Conforme o governador de São Paulo, proximidade com essas nações pode representar riscos, em razão da fragilidade das economias
Durante o 13º Fórum de Lisboa, nesta sexta-feira, 4, o governador de São Paulo, Tarcísio de Freitas, avaliou que uma aproximação do Brasil com as nações do Sul Global pode representar riscos elevados ao país, em razão das fragilidades dessas economias.
Tarcísio argumentou que a principal vulnerabilidade dos países do Sul Global está relacionada à ausência de instituições democráticas sólidas. Isso, em sua visão, poderia afastar grandes investidores e limitar o acesso do Brasil aos mercados mais relevantes do mundo.
“A gente está falando de países que têm uma grande fragilidade, que é justamente a fragilidade democrática, a falta de democracia”, disse o governador. “E isso, talvez, nos afaste dos maiores investidores e dos melhores mercados. É como se a gente tivesse um estoque de capital gigantesco para competir e a gente estivesse restringindo as nossas possibilidades a uma parcela muito ínfima, muito pequena deste capital.”

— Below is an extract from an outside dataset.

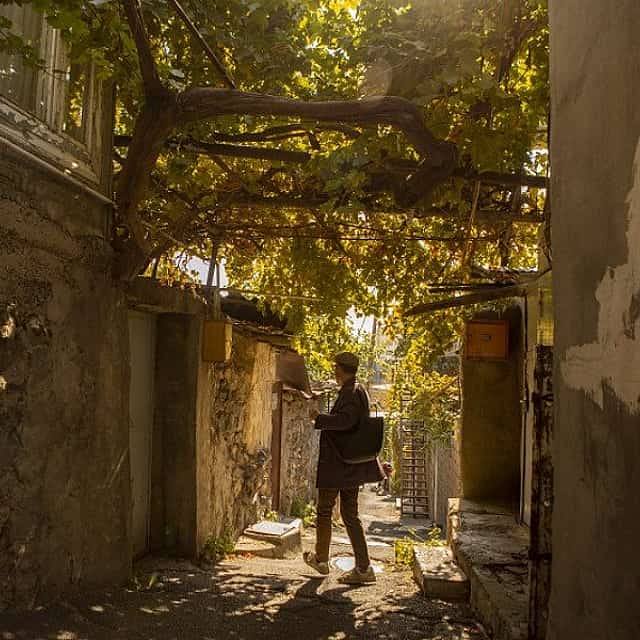 Bezoek aan het huis van lokale bewoners in de oude wijk Kond in Jerevan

Tarcísio fala sobre democracia e impacto nos investimentos

O painel, que discutiu relações internacionais e novos blocos militares, foi moderado por Raul Jungmann. O diretor-presidente do Instituto Brasileiro de Mineração apresentou Tarcísio como possível candidato à presidência e recebeu aplausos dos presentes.
Apesar de reconhecer que esses países reúnem a maioria da população global e quase metade da economia mundial, Tarcísio destacou que o alinhamento com governos que se distanciam das práticas recomendadas pela Organização para a Cooperação e Desenvolvimento Econômico (OCDE) pode afastar investimentos essenciais.
“Se eu pensar em aspectos econômicos e em aspectos populacionais, a gente está falando de uma relevância maior do que a dos países do G7”, disse. “Mas, quando a gente se alinha a países que têm essa ordem de fragilidade, essa ordem de governança que se afasta de algumas práticas daquelas que são preconizadas pela OCDE, a gente vai ficando distante de uma parcela relevante de investimento e isso é extremamente perigoso.”
Em sua fala, o governador também mencionou as atuais disputas econômicas entre Estados Unidos e China. Ele sugeriu que o Brasil deve manter a tradição diplomática de neutralidade e priorizar seus próprios interesses. “Acho que a gente tem que fazer o que a diplomacia brasileira sempre fez: se pautar pela neutralidade e olhar o interesse nacional”, afirmou Tarcísio. “Porque não existe amizade entre países, existe interesse.”
Ao abordar a situação fiscal, o governador minimizou o risco para o Brasil e afirmou que o país conhece as soluções necessárias para enfrentar o desafio. “A fórmula é conhecida, para que a gente possa equacionar a questão fiscal”, explicou. “O Brasil passou por reformas muito relevantes nos últimos anos. E, no final, a gente criou as condições-base para ter uma economia relativamente arrumada.”
O evento, conhecido como “Gilmarpalooza” — referência ao ministro do STF Gilmar Mendes, anfitrião do fórum, e ao festival Lollapalooza —, reuniu diversas entidades organizadoras, incluindo o Instituto Brasileiro de Ensino, Desenvolvimento e Pesquisa (IDP), o Lisbon Public Law, da Universidade de Lisboa, e a Fundação Getulio Vargas (FGV Conhecimento).